The marriage between technology and cars has always been an awkward one at best. As a general rule of thumb there’s usually a gap of time between when a certain piece of technology hits the mainstream consumer market and when it gets installed into the cabin of a car. For the most part, much of the modern automobile cabin has remained the same. There’s still a pedal for the throttle and another for the brakes, a steering wheel, a transmission selector, and an infotainment system for the vehicle occupants to play with when conversation goes stale.
The problems arise, according to observations made by Automotive News, when automakers try to alter the proven recipe of current technology in efforts to get prospective test driving customers to swoon when they see the interior of the latest model. Mark Boyadjis, an automotive user experience analyst with IHS Markit, summed up the viewpoint of the automakers. He says, "What automakers are looking at is new ways to drive customer engagement, brand user experience, and to clean up the interior.” Unfortunately, that drive doesn’t always manifest itself in a user-friendly improvement on the old technology. Honda learned this the hard way when it swapped the volume knobs in many of its models with touch-sensitive sliders.
Instead of replying on a single turn of an unglamorous but reliable volume knob—a task that could be completed by feel—Honda’s touch slider required annoying and repeated presses on a vague area on the dashboard, fragmenting the driver's attention. Manufacturers have had a harder time still when it comes to figuring out how to get the shifter right. The will to dazzle has at times come bundled with disastrous results. Fiat Chrysler recently found itself at the center of a lawsuit after confusion surrounding its monostable shifters (a shifter design that returns the selector to the original position after a gear is selected) led to the high profile death of Star Trek star Anton Yelchin.

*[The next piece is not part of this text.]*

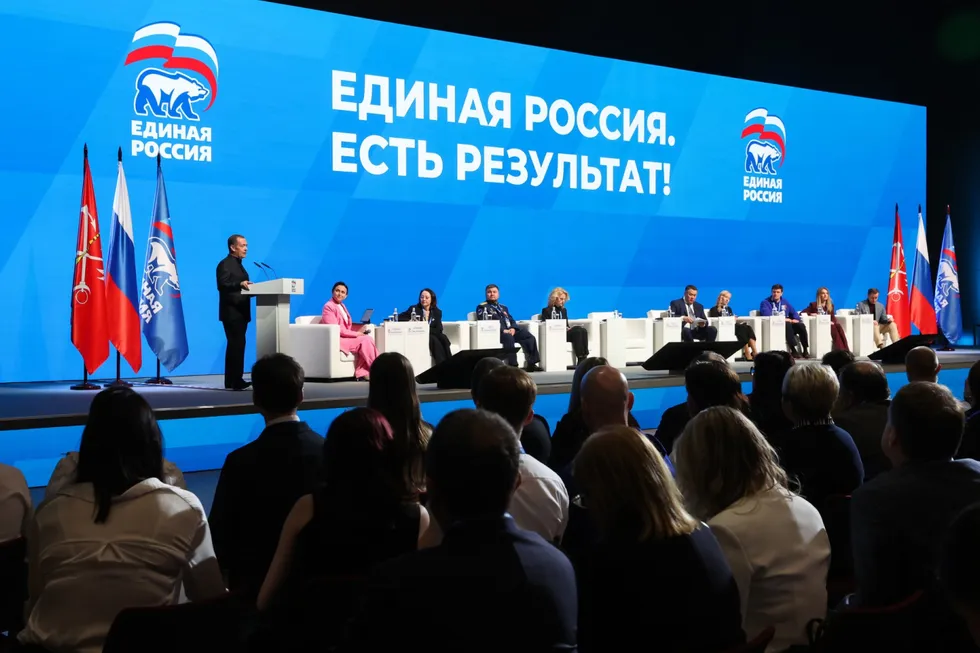 В администрации президента рекомендовали подконтрольным и лояльным изданиям избегать слова «запрет» в заголовках и вместо этого освещать «позитивные» инициативы депутатов от «Единой России». Речь идёт и о запретах на публикацию съёмок последствий атак беспилотников в ряде регионов.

That doesn’t mean that every amendment to the interior of a modern automobile is a cause for scrutiny, however. For example, not many people moaned when manually operated windows gave way to electronic switches and the loss of cassette tape decks has only given automakers more dash space to utilize with minimal complaint on the part of the customers. On the other hand, some automakers are finding resistance to the phasing out of the CD player even though survey after survey finds that consumers favor Bluetooth audio systems and hardly touch compact discs anymore. Based on the technologies that have found deathbeds rather than spots on the dashboards of 2018 models, what can we expect to go next?

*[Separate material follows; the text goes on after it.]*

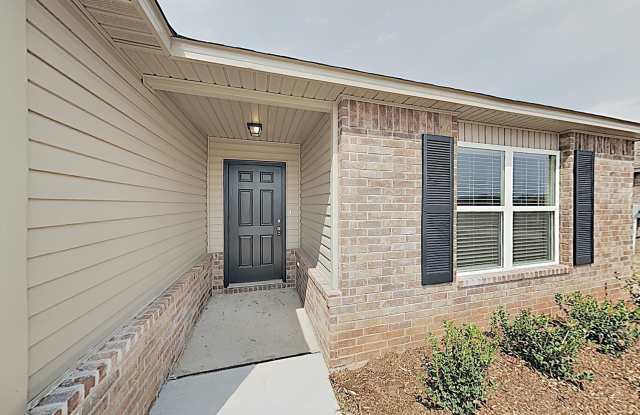 Very Nice 3 Bedroom 2 Bath Home in Mustang Schools Gallery 3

One reasonable expectation is the physical gauge. As companies like Audi and Mercedes swap physical speedometers and tachometers for high resolution digital displays packed with flashy colors and attractive layouts, the rest of the industry could get on board with this trend. No matter how nostalgic one can become over a piece of technology (we won't judge you for missing the manual transmission), it’s likely that technology will continue to change the landscape of the automobile interior with drivers remaining the test subjects for this experiment.